Os bancos já captaram mais de R$ 41 bilhões (6,8 bilhões de euros) em Operações Rotuladas até julho de 2024. Esses recursos estão sendo direcionados para seus clientes, a fim de que o capital seja investido em atividades que tragam benefícios ambientais, sociais e climáticos. Desde 2015, o setor bancário utiliza a “Taxonomia Verde da Febraban”, e já destinamos mais de 20% do crédito para as empresas em empreendimentos da chamada economia verde. Em 2024, a Febraban passou a integrar o Comitê Consultivo da Taxonomia Sustentável Brasileira, o que revela que estamos engajados na agenda ESG.

Os bancos estão impondo restrições para desmatadores? Quais?

Sim, e vamos avançar mais nessa toada. Em março de 2023, a Febraban introduziu um novo normativo em seu Sistema de Autorregulação Bancária, que obriga os bancos a terem protocolos internos contra o desmatamento ilegal, especialmente nas operações de crédito com clientes frigoríficos e matadouros.

Qual a sua perspectiva para o futuro do sistema financeiro? O dinheiro físico vai acabar?
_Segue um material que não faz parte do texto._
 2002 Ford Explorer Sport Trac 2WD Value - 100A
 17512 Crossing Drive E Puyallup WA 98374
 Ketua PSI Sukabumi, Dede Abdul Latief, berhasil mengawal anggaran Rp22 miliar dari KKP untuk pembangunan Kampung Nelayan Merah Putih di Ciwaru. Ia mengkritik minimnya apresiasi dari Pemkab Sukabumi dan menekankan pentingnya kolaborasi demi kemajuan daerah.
No setor bancário, tudo vai se aprimorando. Nada acabará de uma vez. Os bancos estarão sempre prontos para as mudanças. Não existe um apocalipse na indústria financeira. Sempre haverá uma Arca de Noé, onde o original será preservado e terá enorme valor. Os bancos e a circulação do dinheiro nunca irão desaparecer. No fundo, todos os atores do mercado querem ser como um banco e há espaço para todos. Somos uma indústria, e cada qual é um elo importante numa grande engrenagem.
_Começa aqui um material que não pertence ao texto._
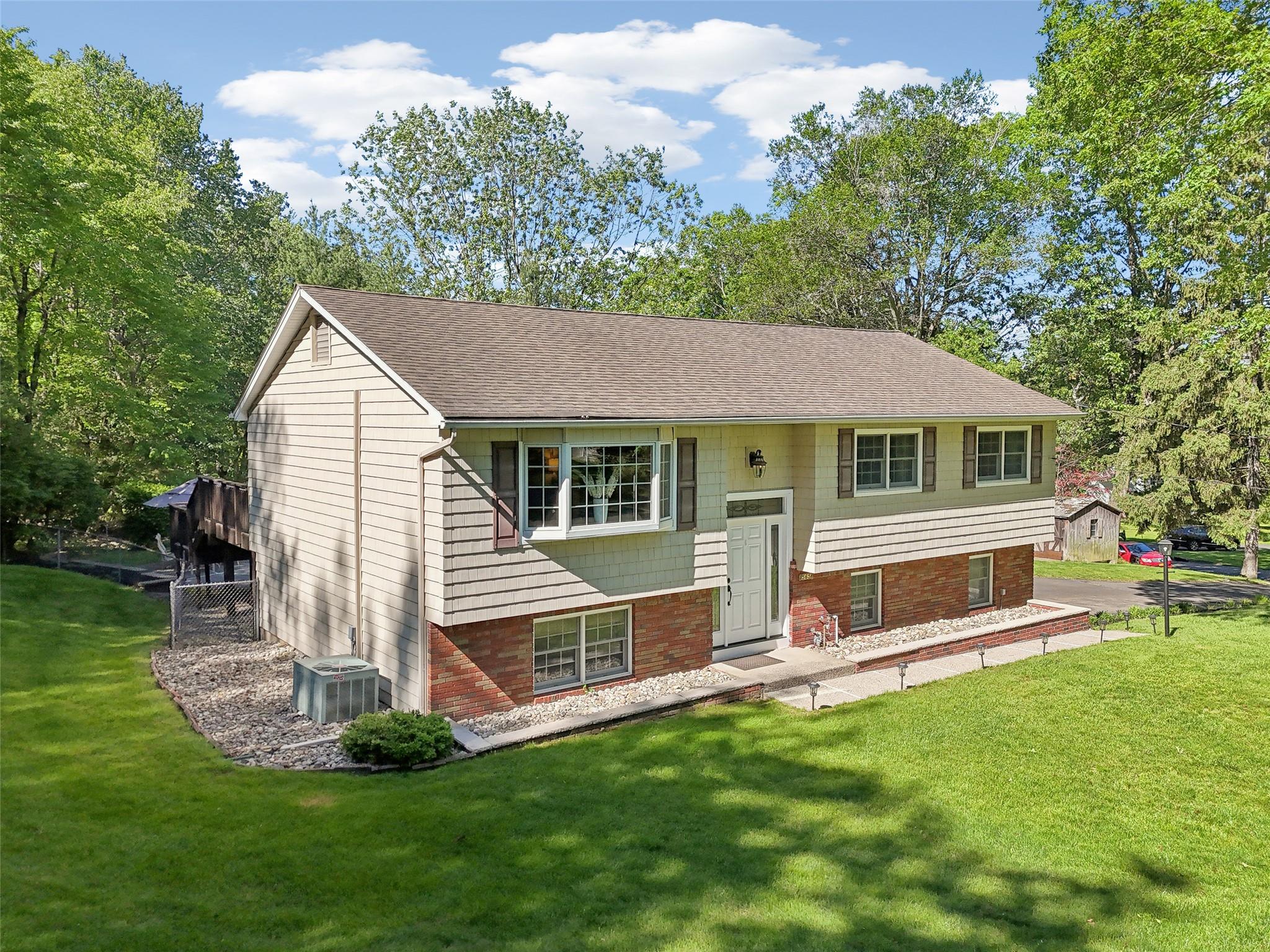 565 Millburn Court, Valley Cottage, New York image 1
Olhando tudo isso, o dinheiro físico não vai desaparecer, mas a sua importância será cada vez menor. No Brasil, por exemplo, a tecnologia aplicada aos meios de pagamento, a crescente inclusão financeira e a facilidade na utilização dos produtos financeiros reduzirão dramaticamente a utilização do dinheiro físico. Mas a intermediação financeira e bancária permanecerá firme e forte. E assim espero!